Repeat the lines of the data exactly, from the first one through the one that contains "Photo gratuite joli".

Top of Data records

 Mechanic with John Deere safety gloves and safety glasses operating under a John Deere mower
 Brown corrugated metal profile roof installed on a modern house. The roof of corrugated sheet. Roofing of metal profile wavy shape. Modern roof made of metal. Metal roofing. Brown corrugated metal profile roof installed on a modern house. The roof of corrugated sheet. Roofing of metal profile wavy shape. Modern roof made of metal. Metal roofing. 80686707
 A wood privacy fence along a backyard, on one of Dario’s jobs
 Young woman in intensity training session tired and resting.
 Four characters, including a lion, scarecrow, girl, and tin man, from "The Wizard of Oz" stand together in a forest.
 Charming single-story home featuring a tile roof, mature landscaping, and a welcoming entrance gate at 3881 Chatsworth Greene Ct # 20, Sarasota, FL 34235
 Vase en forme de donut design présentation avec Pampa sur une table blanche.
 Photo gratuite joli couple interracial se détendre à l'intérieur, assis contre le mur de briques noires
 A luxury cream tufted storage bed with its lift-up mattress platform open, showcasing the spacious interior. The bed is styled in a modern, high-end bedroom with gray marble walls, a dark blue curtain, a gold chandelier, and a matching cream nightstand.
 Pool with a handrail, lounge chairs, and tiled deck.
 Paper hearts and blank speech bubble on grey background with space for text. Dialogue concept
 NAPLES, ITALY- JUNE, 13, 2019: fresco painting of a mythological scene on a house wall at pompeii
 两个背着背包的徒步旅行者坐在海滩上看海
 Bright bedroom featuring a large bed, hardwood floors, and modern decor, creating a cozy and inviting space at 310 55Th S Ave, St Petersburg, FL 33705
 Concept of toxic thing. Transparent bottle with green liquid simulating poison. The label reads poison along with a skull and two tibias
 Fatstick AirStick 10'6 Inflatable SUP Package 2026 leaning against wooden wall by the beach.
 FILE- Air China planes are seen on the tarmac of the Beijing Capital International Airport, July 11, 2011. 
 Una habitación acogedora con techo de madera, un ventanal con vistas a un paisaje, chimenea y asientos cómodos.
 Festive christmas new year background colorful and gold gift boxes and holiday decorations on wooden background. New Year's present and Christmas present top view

Bottom of Data records

• _Exercise result_
 Mechanic with John Deere safety gloves and safety glasses operating under a John Deere mower
 Brown corrugated metal profile roof installed on a modern house. The roof of corrugated sheet. Roofing of metal profile wavy shape. Modern roof made of metal. Metal roofing. Brown corrugated metal profile roof installed on a modern house. The roof of corrugated sheet. Roofing of metal profile wavy shape. Modern roof made of metal. Metal roofing. 80686707
 A wood privacy fence along a backyard, on one of Dario’s jobs
 Young woman in intensity training session tired and resting.
 Four characters, including a lion, scarecrow, girl, and tin man, from "The Wizard of Oz" stand together in a forest.
 Charming single-story home featuring a tile roof, mature landscaping, and a welcoming entrance gate at 3881 Chatsworth Greene Ct # 20, Sarasota, FL 34235
 Vase en forme de donut design présentation avec Pampa sur une table blanche.
 Photo gratuite joli couple interracial se détendre à l'intérieur, assis contre le mur de briques noires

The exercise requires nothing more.